◆ YOUR TASK ◆
No pictures go into the output, which should consist only of the lines from the first line of the data through the line with "full bath featuring", copied exactly.

◆ STUDY MATERIAL ◆
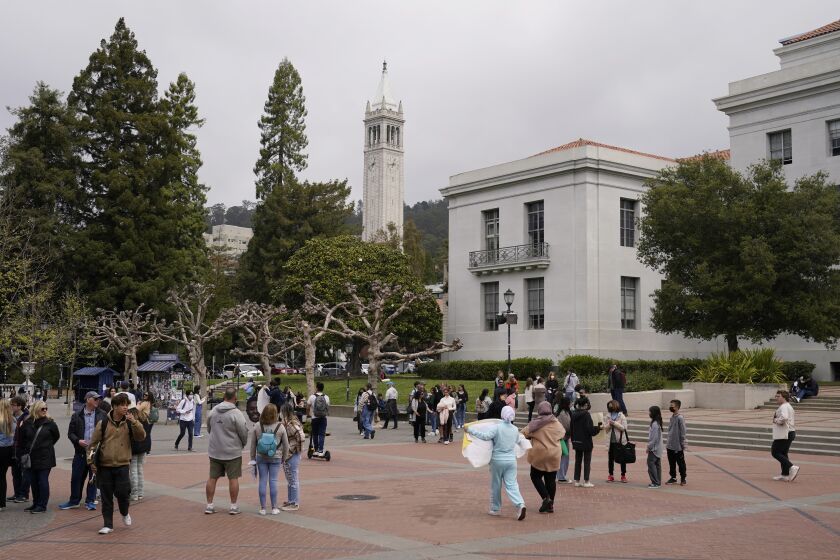 Students make their way through Sproul Plaza on the University of California, Berkeley, campus Tuesday, March 29, 2022, in Berkeley, Calif. (AP Photo/Eric Risberg)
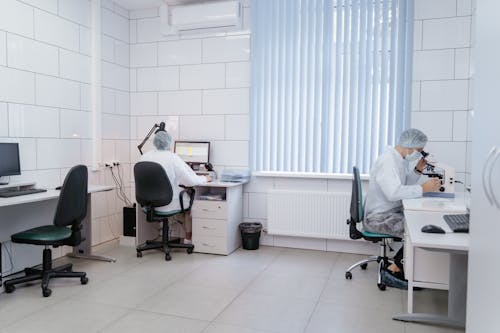 People Working Inside the Laboratory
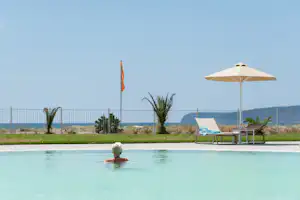 Pool im Campingbereich mit Sonnenschirm und Liege, im Hintergrund Zaun, Palmen und Meerblick.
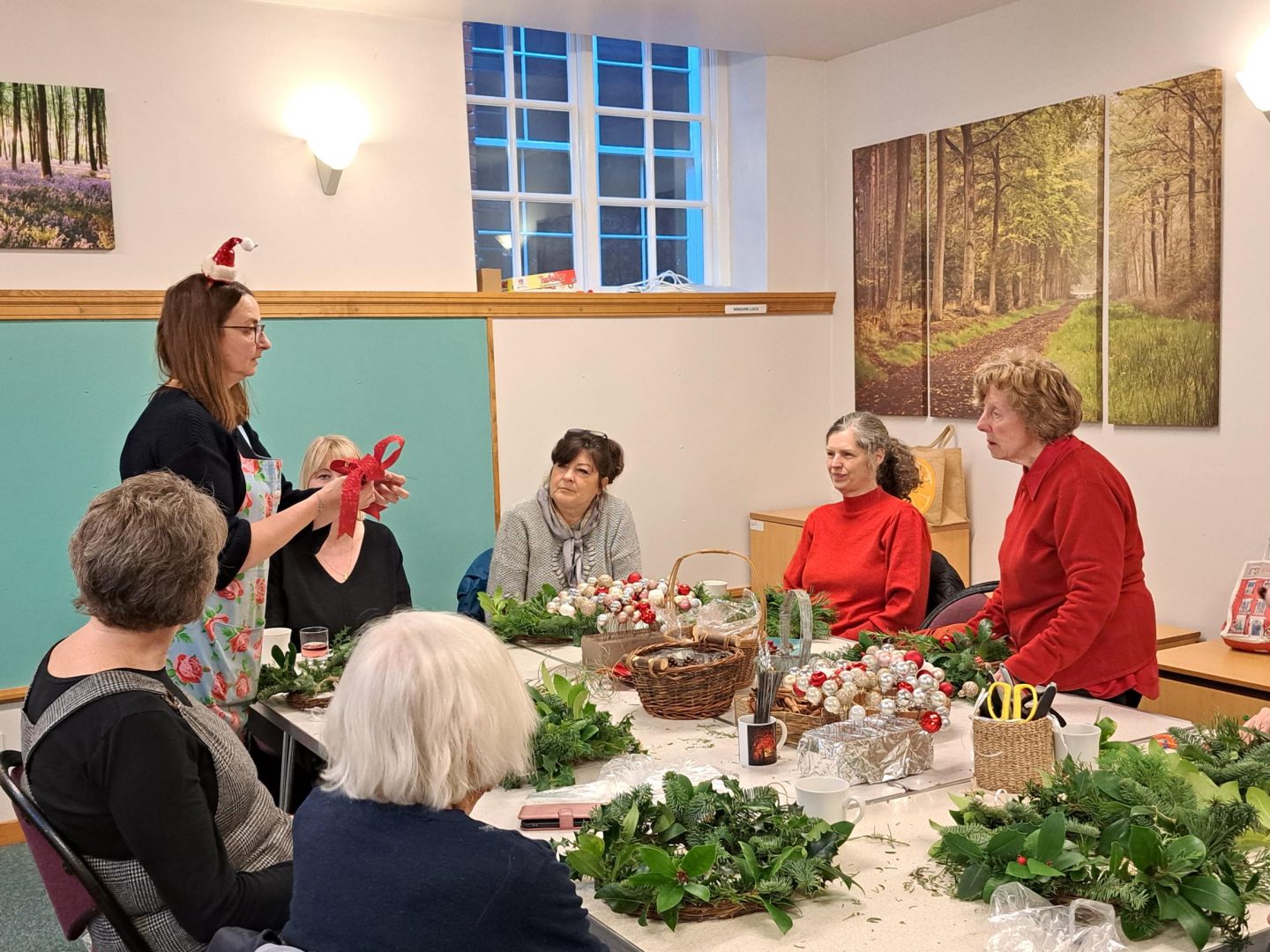 people sat around a table making christmas wreaths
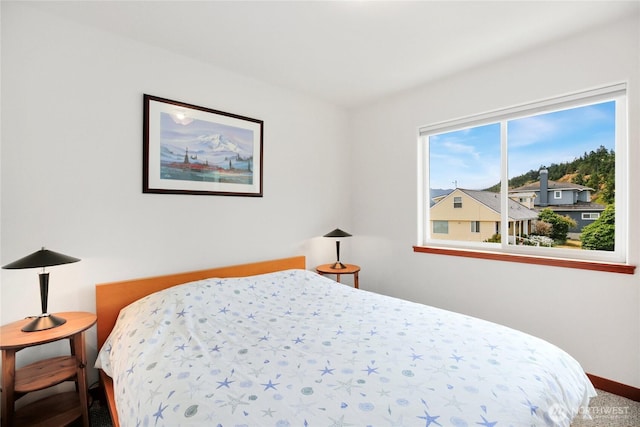 451 Beach Dr, Sequim, WA 98382 - carpeted bedroom featuring baseboards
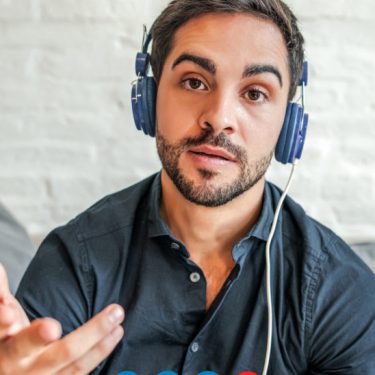 A man is wearing headphone and try to showing he want to talk to you.
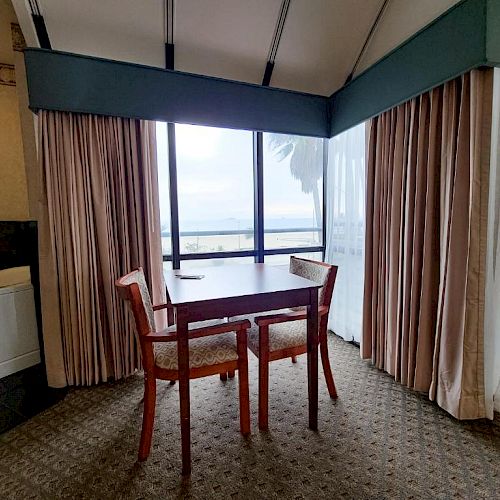 The image shows a small dining area with two wooden chairs and a table by a window with curtains, overlooking a scenic view.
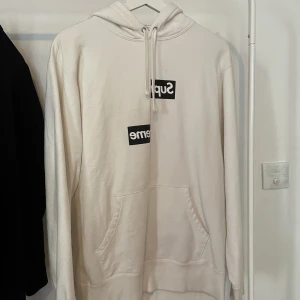 Supreme x Comme des Garcons hoodie - A hoodie from a collaboration between monster fashion icons Supreme and Comme des Garcons.  Condition: Very Good Size for women: L/ XL Size for men: M Message for more pictures.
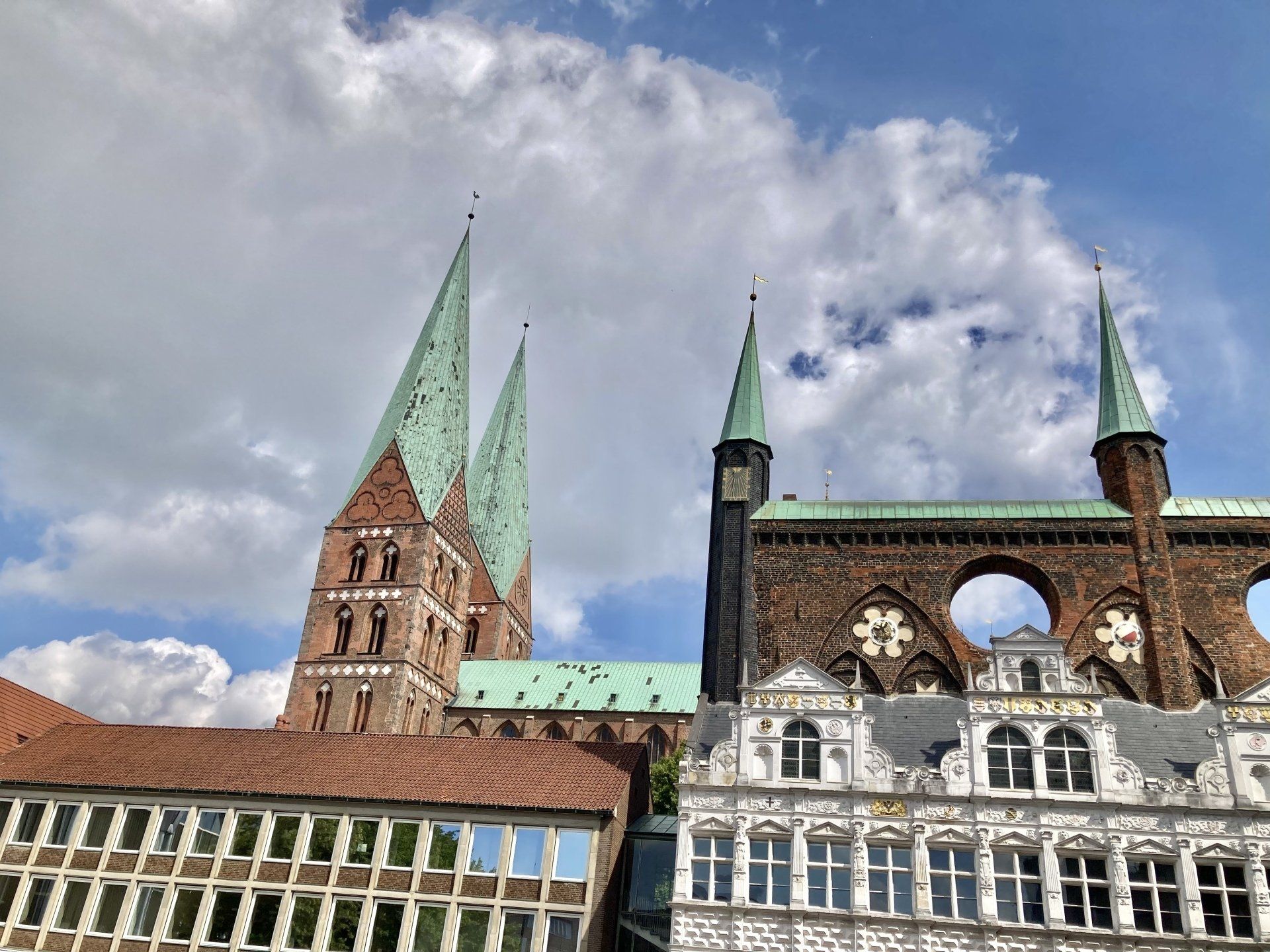 Ein großes Backsteingebäude mit grünem Dach und zwei Türmen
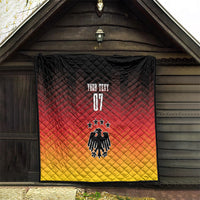 Black, red, and yellow Germany football quilt hanging indoors; eagle, stars, and “YOUR TEXT”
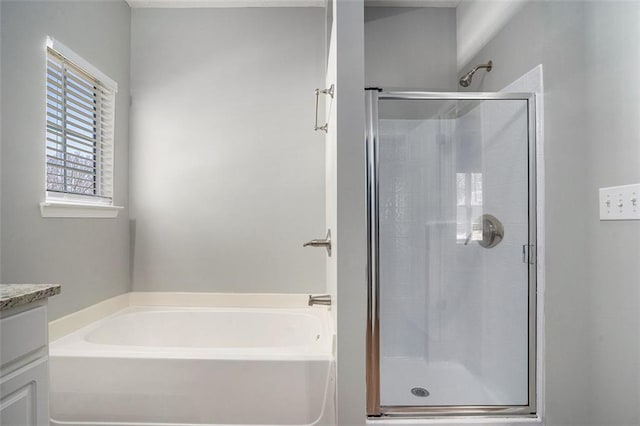 full bath featuring a stall shower, vanity, and a bath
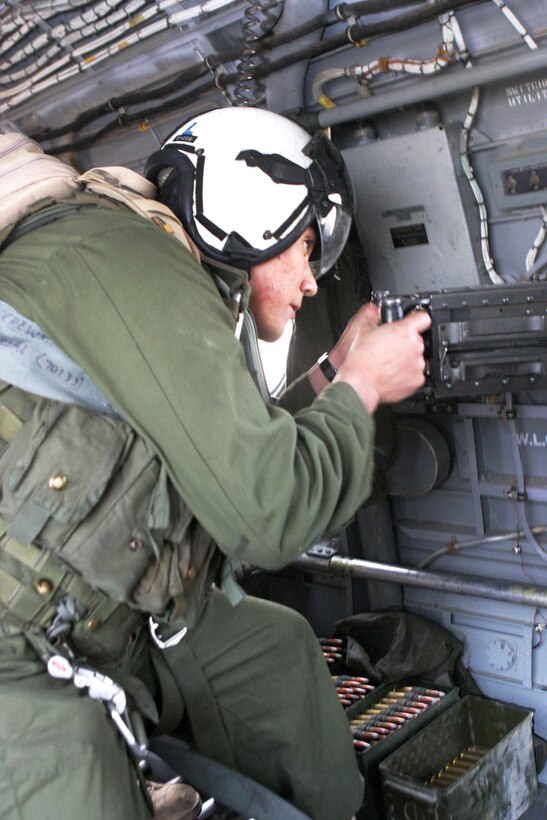 UDAIRI RANGE, Kuwait (Feb. 24, 2005) -- Lance Cpl. Ernesto Robles, 19, a flight equipment technician with Marine Medium Helicopter Squadron 165 (REIN), and a native of Los Angeles, fires a .50-caliber machine gun at his target during a live-fire exercise here. HMM-165 (REIN), attached to the 15th Marine Expeditionary Unit (Special Operations Capable), is training in Kuwait to maintain their skills as an Aviation Combat Element. (Official USMC photo by Lance Cpl. Thomas J. Grove)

◆ RESPONSE TO THE EXERCISE ◆
 Students make their way through Sproul Plaza on the University of California, Berkeley, campus Tuesday, March 29, 2022, in Berkeley, Calif. (AP Photo/Eric Risberg)
 People Working Inside the Laboratory
 Pool im Campingbereich mit Sonnenschirm und Liege, im Hintergrund Zaun, Palmen und Meerblick.
 people sat around a table making christmas wreaths
 451 Beach Dr, Sequim, WA 98382 - carpeted bedroom featuring baseboards
 A man is wearing headphone and try to showing he want to talk to you.
 The image shows a small dining area with two wooden chairs and a table by a window with curtains, overlooking a scenic view.
 Supreme x Comme des Garcons hoodie - A hoodie from a collaboration between monster fashion icons Supreme and Comme des Garcons.  Condition: Very Good Size for women: L/ XL Size for men: M Message for more pictures.
 Ein großes Backsteingebäude mit grünem Dach und zwei Türmen
 Black, red, and yellow Germany football quilt hanging indoors; eagle, stars, and “YOUR TEXT”
 full bath featuring a stall shower, vanity, and a bath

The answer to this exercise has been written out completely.